*Exercise details*
Please copy out each line of the entries in which "Hogwarts" appears.

Provided data: Begin

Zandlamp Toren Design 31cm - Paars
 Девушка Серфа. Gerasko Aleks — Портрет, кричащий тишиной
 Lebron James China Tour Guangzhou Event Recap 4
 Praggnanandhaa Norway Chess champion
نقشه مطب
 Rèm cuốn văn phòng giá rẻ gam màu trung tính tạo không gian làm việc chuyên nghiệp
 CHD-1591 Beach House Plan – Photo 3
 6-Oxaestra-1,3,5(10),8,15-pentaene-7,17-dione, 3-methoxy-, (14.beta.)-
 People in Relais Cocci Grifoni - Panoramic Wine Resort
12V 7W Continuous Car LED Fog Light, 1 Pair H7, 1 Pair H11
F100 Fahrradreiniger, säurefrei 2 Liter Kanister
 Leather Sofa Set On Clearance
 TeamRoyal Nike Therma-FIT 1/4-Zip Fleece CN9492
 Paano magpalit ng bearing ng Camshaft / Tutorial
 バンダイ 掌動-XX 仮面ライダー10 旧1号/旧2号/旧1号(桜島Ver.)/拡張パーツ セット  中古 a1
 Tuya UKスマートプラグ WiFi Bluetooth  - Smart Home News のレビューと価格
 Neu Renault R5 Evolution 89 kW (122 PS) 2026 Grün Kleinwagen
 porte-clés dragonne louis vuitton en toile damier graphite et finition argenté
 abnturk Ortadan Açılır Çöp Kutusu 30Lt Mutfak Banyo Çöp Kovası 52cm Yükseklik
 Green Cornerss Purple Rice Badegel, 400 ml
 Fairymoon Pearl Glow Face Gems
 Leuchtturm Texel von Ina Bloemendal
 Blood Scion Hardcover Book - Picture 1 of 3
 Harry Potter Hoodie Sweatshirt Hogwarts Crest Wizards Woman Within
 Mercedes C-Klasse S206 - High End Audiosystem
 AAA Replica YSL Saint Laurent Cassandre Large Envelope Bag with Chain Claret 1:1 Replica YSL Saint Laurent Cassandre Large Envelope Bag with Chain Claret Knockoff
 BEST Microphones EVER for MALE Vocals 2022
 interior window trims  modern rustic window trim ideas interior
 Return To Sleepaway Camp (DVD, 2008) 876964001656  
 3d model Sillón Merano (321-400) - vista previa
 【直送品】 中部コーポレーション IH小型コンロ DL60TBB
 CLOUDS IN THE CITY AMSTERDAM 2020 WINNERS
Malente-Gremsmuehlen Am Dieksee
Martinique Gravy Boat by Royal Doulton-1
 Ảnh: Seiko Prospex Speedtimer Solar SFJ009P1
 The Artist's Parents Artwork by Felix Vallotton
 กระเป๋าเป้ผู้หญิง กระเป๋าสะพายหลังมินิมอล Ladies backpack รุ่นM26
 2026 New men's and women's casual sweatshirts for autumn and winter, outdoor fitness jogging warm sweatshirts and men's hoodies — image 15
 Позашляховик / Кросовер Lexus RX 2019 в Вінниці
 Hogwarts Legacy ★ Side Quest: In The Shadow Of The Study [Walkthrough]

Provided data: End

*Exercise output*
 Harry Potter Hoodie Sweatshirt Hogwarts Crest Wizards Woman Within
 Hogwarts Legacy ★ Side Quest: In The Shadow Of The Study [Walkthrough]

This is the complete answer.